21 Haziran 2011
Milli Takımdan Kulübe Geçiş
Ha oldu ha olacak derken nihayet Villas Boas Porto'dan istifa etti. Ciğerci kedisi gibi Portekiz ekibinin kapısında bekleyen ve 'şimdilik' Mourinho'nun replica'sı olarak Boas'ı takımın başına getirmeye çalışan Chelsea amacına ulaştı gibi. Artık Hiddink de Milli Takım'ın başında kaldığına göre bu tartışmayı çöpe atabiliriz. Ancak dikkatimi çeken şey şu ki, neden büyük takımlar halen 60 yaşını devirmiş ve bir milli takımın başında yer alan hocalara göz dikiyor?

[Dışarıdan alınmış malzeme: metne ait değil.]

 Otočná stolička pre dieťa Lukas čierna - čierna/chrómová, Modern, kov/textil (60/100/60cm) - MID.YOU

Bu konuda Chelsea'nin yaklaşımı taban tabana zıt mesela. 64 yaşındaki Hiddink'in peşinden o kadar koştuktan sonra 33'lük Boas'la anlaşmaları, Stamford Bridge'deki kafa karışıklığı ve plansızlığı gösterir bana göre. Hiddink'in son çalıştırdığı kulüp takımı Chelsea idi, hatta o sezon hiç de fena idare etmedi takımı. Barcelona'yı yarı finalde eleme fırsatını son anda kaçırdı ama FA Cup'ı da kazanmayı bildi. O sezonun başında yine bir milli takım hocası olan Scolari'yle anlaşmak zaten başlı başına bir riskti ve tutmadı. Bana göre onun ardından Hiddink'in gelmesi de aynı derecede olmasa da riskliydi ama meyvesini verdi. Hollandalı, Chelsea veya bir başka kulüp takımını sezon başından alıp sonuna kadar götürebilir mi peki? İşte orası tam bir soru işareti. Nitekim mükemmel bir momentum yakalayan Boas'ı Londra'ya getirmek birçok yönden daha akıl kârı bir iş.

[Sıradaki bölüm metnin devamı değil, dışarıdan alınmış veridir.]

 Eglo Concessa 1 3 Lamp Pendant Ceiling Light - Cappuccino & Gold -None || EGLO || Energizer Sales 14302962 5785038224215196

Hiddink gibi Capello'nun da adı Inter ile anılmıştı ama şimdilik her iki taraf da bu söylentiyi yalanladı. Nedense milli takım hocaları her an mevcut görevlerini bırakabilecekmiş gibi bir algı var piyasada. Tecrübe, taktik bilgisi, otorite desen tamam da bu adamların takım başında maça çıkma alışkanlıkları körelmiyor mu hiç? Bu handikapla sezon başında kaybedilen birkaç puanla İtalya'da kazan hemen kaynamayacak mı? Veya İngiltere'de?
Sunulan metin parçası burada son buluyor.